* [GIVEN DATA]
________

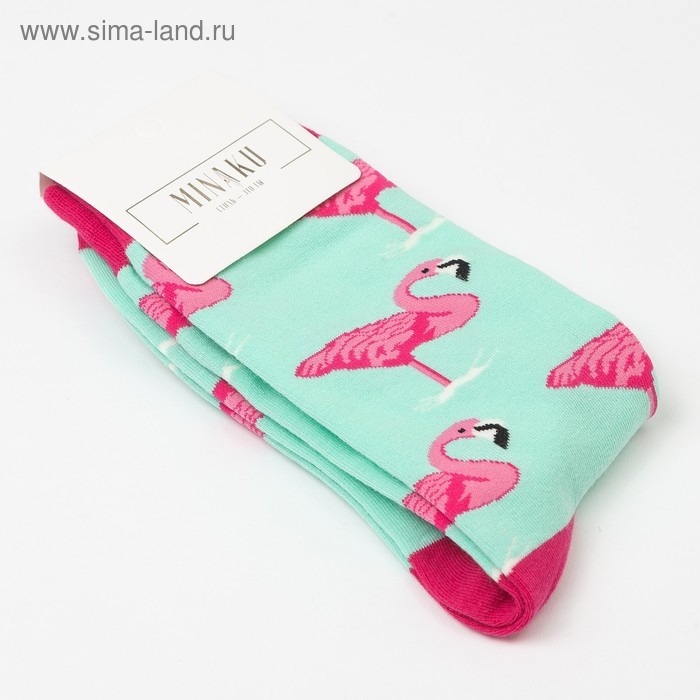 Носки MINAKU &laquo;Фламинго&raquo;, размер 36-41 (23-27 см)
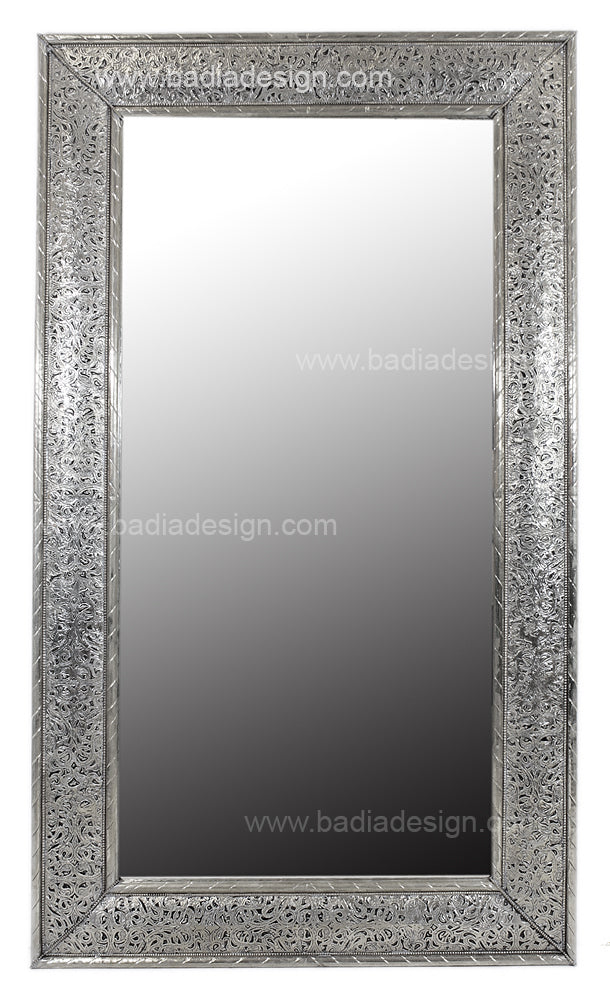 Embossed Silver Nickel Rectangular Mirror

________

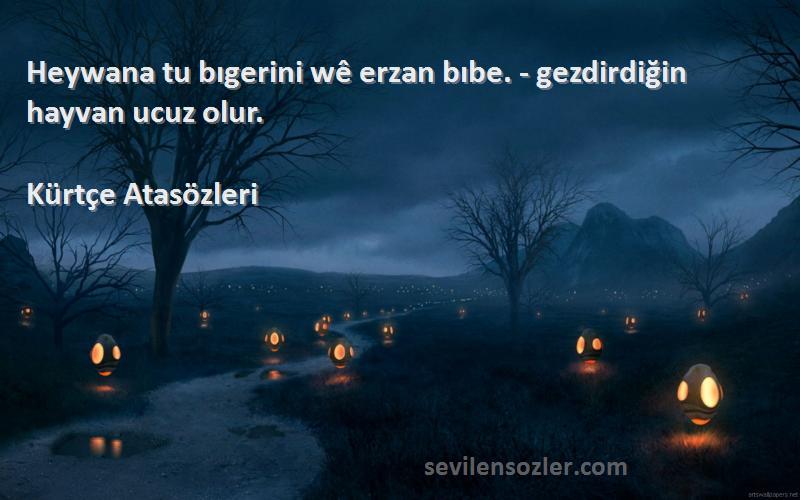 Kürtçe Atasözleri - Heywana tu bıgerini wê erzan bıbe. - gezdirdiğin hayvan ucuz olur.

________

* [EXERCISE]
Leaving out all pictures, set down exactly the lines of the material above, from the line with "Носки MINAKU &laquo;Фламинго&raquo;, размер" to the line with "Embossed Silver Nickel Rectangular Mirror" inclusive, and no others.

* [WRITTEN ANSWER]
 Носки MINAKU &laquo;Фламинго&raquo;, размер 36-41 (23-27 см)
 Embossed Silver Nickel Rectangular Mirror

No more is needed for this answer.